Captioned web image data

*** Begin section ***

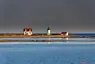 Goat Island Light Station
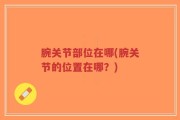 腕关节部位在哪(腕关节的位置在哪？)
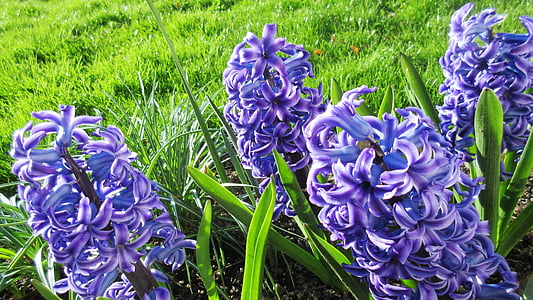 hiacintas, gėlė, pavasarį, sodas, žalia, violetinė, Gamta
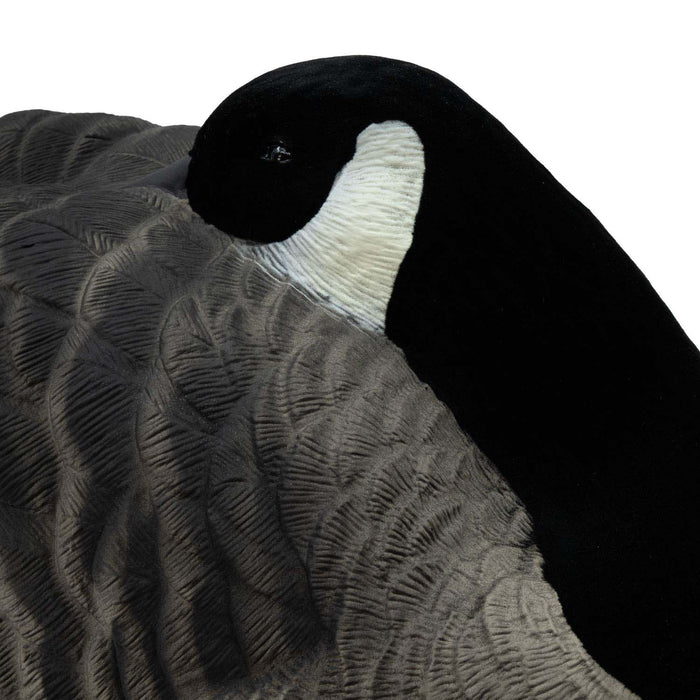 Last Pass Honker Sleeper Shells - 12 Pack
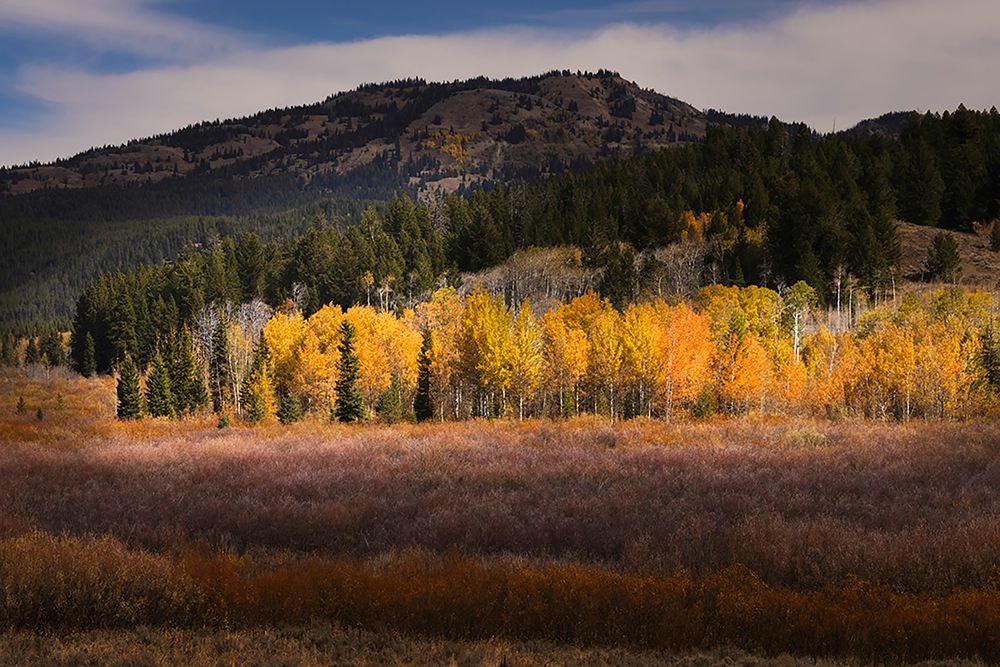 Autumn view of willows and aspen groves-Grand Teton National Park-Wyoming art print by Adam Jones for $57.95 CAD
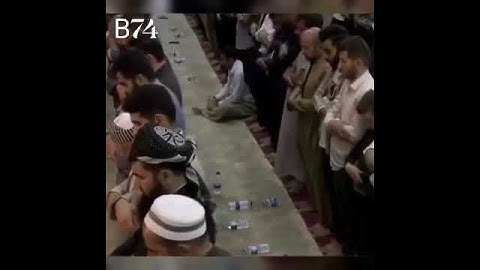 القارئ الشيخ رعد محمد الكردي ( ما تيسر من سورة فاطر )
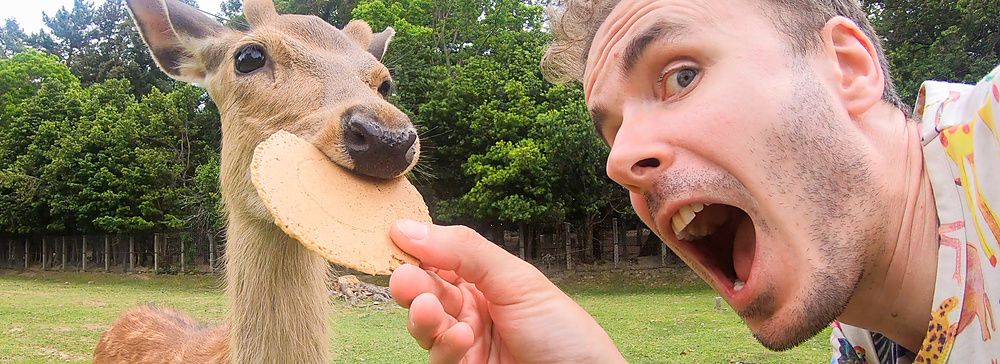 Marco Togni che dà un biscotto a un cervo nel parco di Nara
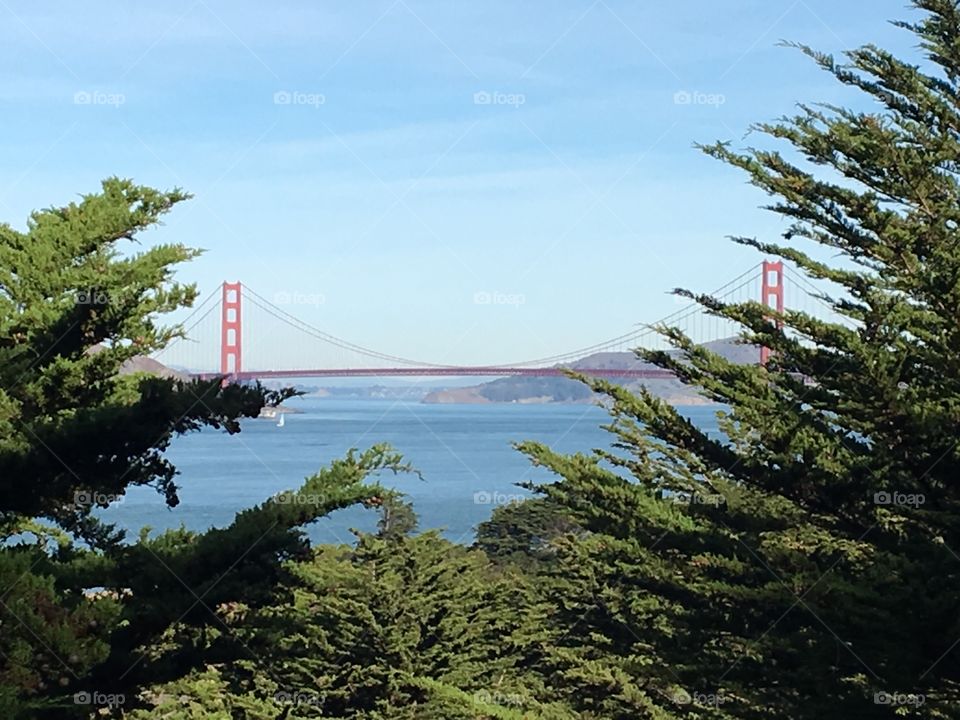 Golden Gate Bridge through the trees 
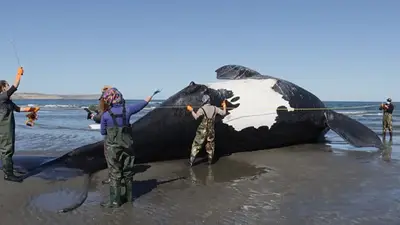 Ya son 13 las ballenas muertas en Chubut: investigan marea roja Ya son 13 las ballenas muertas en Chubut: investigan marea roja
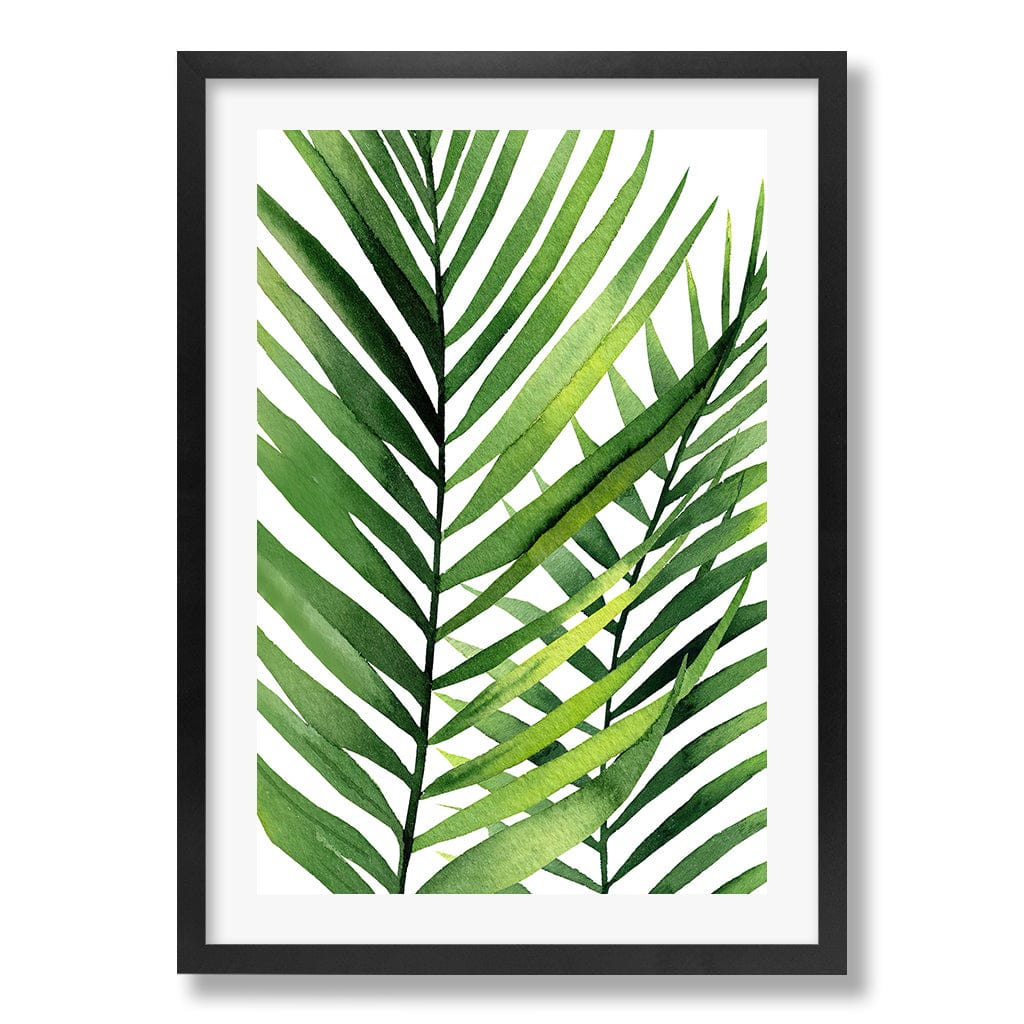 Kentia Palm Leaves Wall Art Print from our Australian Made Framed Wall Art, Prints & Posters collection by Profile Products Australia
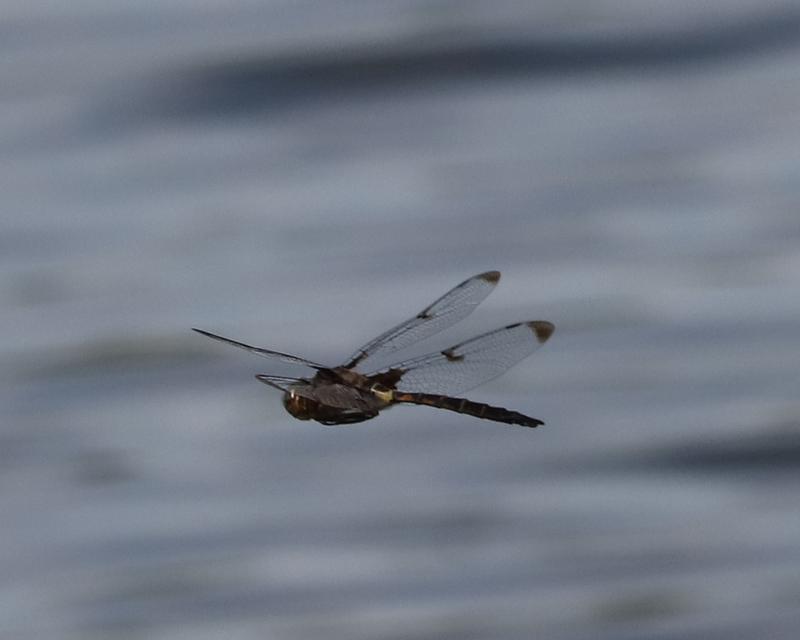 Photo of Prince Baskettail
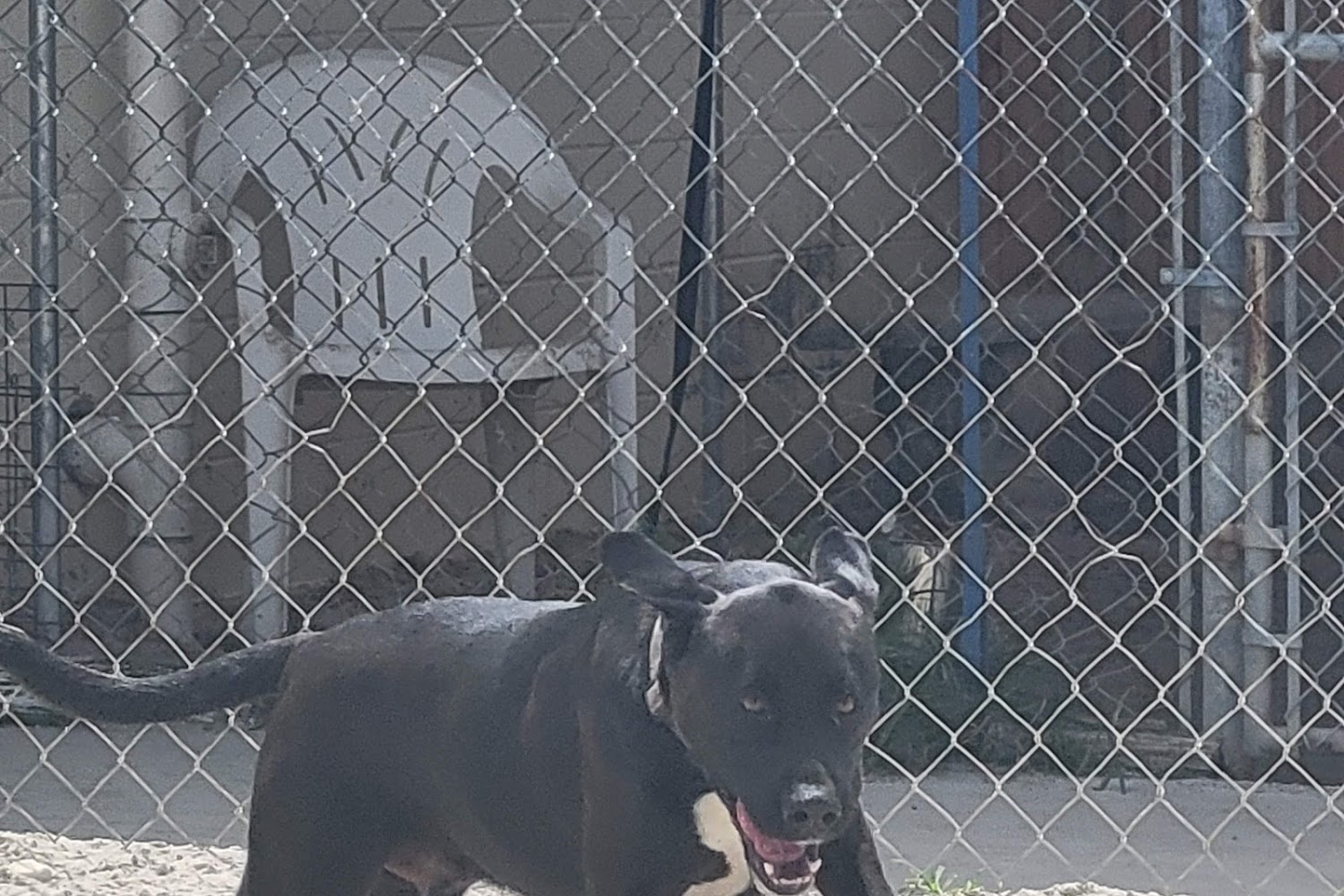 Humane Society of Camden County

*** End section ***

Each entry above should be printed again word for word, with any picture dropped.

 Goat Island Light Station
 腕关节部位在哪(腕关节的位置在哪？)
 hiacintas, gėlė, pavasarį, sodas, žalia, violetinė, Gamta
 Last Pass Honker Sleeper Shells - 12 Pack
 Autumn view of willows and aspen groves-Grand Teton National Park-Wyoming art print by Adam Jones for $57.95 CAD
 القارئ الشيخ رعد محمد الكردي ( ما تيسر من سورة فاطر )
 Marco Togni che dà un biscotto a un cervo nel parco di Nara
 Golden Gate Bridge through the trees 
 Ya son 13 las ballenas muertas en Chubut: investigan marea roja Ya son 13 las ballenas muertas en Chubut: investigan marea roja
 Kentia Palm Leaves Wall Art Print from our Australian Made Framed Wall Art, Prints & Posters collection by Profile Products Australia
 Photo of Prince Baskettail
 Humane Society of Camden County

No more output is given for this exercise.